A general consensus from these studies suggests that while there is merit in the use of temporary closure for Hinchey III and IV diverticulitis, universal acceptance has not been achieved. Our study describes some of the negative consequences of RSCL which are important to consider when devising a treatment algorithm for patients with severe diverticulitis. The downside of RSCL is a prolonged hospital stay and deconditioning of the patient. These disadvantages must be weighed against the severity of the patients’ disease. Our observations were consistent with prior publications where the use of open abdomen in a broad range of non-traumatic acute surgical situations was evaluated [25,26,27,28]. Restricting RSCL to patients who meet the trauma criteria of acidosis, coagulopathy and hypotension for damage control surgery may significantly reduce inappropriate use of this valuable tool [5,6,7,8].

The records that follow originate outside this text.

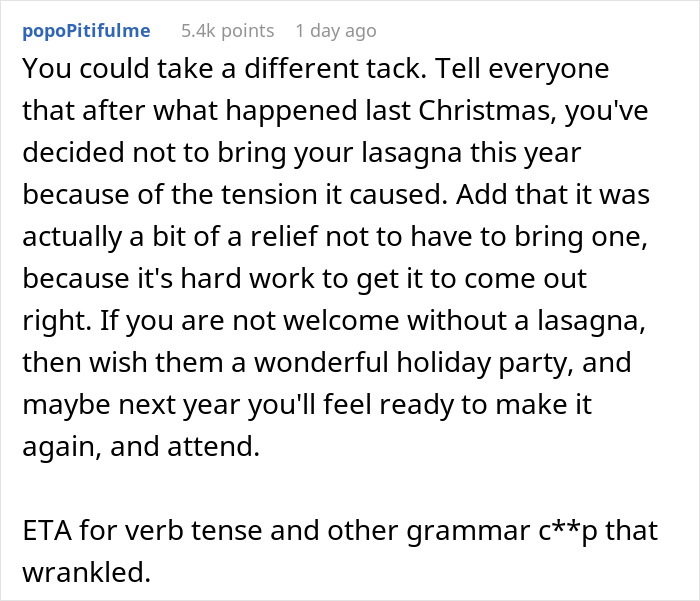 Woman Refuses To Make Signature Christmas Meal As MIL Threw It Away Last Year And Never Apologized Woman Refuses To Make Signature Christmas Meal As MIL Threw It Away Last Year And Never Apologized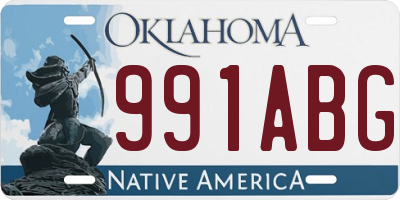 OK license plate 991ABG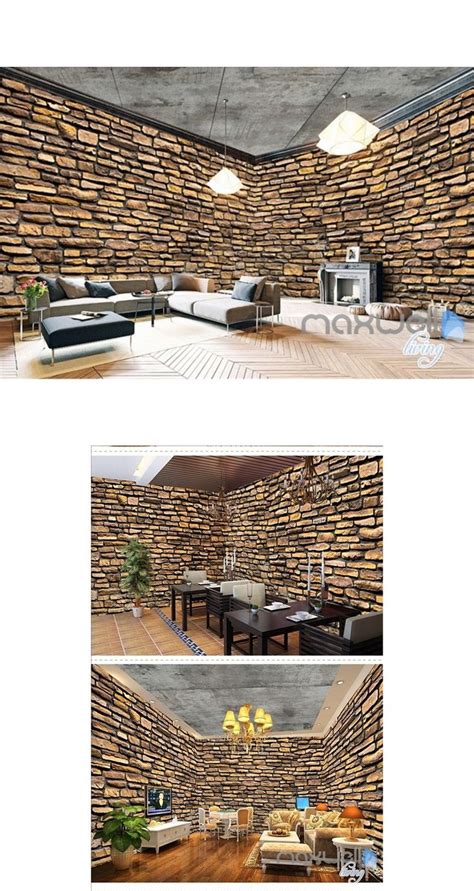Retro Brick Wall Theme Space Entire Room Wallpaper Wall Mural Decal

An unexpected finding in our analyses was that a significant number of patients had a primary anastomoses performed without a proximal stoma. This was a concerning approach since all of these patients had feculent peritonitis. The question of whether an “unprotected” anastomosis should be done is controversial [29]. In the context of patients with Hinchey III diverticulitis data supports primary anastomosis without RSCL [19]. However, these patients had a laparoscopic lavage and drainage as a separate procedure prior to their surgical resection and anastomosis. While there is evidence to support placing a primary unprotected anastomosis in traumatic colon injuries [30], this approach may not translate to patients with acute perforated diverticulitis. Patients in the Anjaria study were half the age of the patients reported here and did not have an active infectious process causing the bowel perforation. Our data suggests that the open abdomen is not at fault. Rather, the unreal expectations that a primary anastomosis in an elderly patient will hold together simply by leaving the abdomen open was the underlying failure in clinical management and should not be done in this setting. After our data was analyzed by controlling for the type of operative procedure performed, there was no difference in mortality and the major differences in morbidity were discharge destination, further suggesting an unprotected anastomosis put the patient at risk for septic complications.

The inherent limitations are related to its retrospective of a database. This limits the data to in-hospital patients and is subject to coding bias as well as limited long-term follow-up (for NSQIP, it is 30 days). Also, propensity analysis has its own flaws with risk adjustment. Despite having 20 different demographic and clinical variables, it is impossible to measure all confounders which would result in a comparison of two dissimilar groups. Furthermore, our patient population was only moderately sized, and there was also variation in time to fascial closure as well as different management styles of open abdomen that could not be accounted for.

This study has identified that over 20% of patients admitted with acute diverticulitis are treated with RSCL. Patients treated with RSCL had a longer hospital stays. More patients treated with RSCL were more likely to be discharged to a rehabilitation facility than PFC patients. The use of RSCL at a rate of 20% is very high. Its use should be limited to critically ill patients too unstable to undergo anything more than source control or are at risk for abdominal compartment syndrome.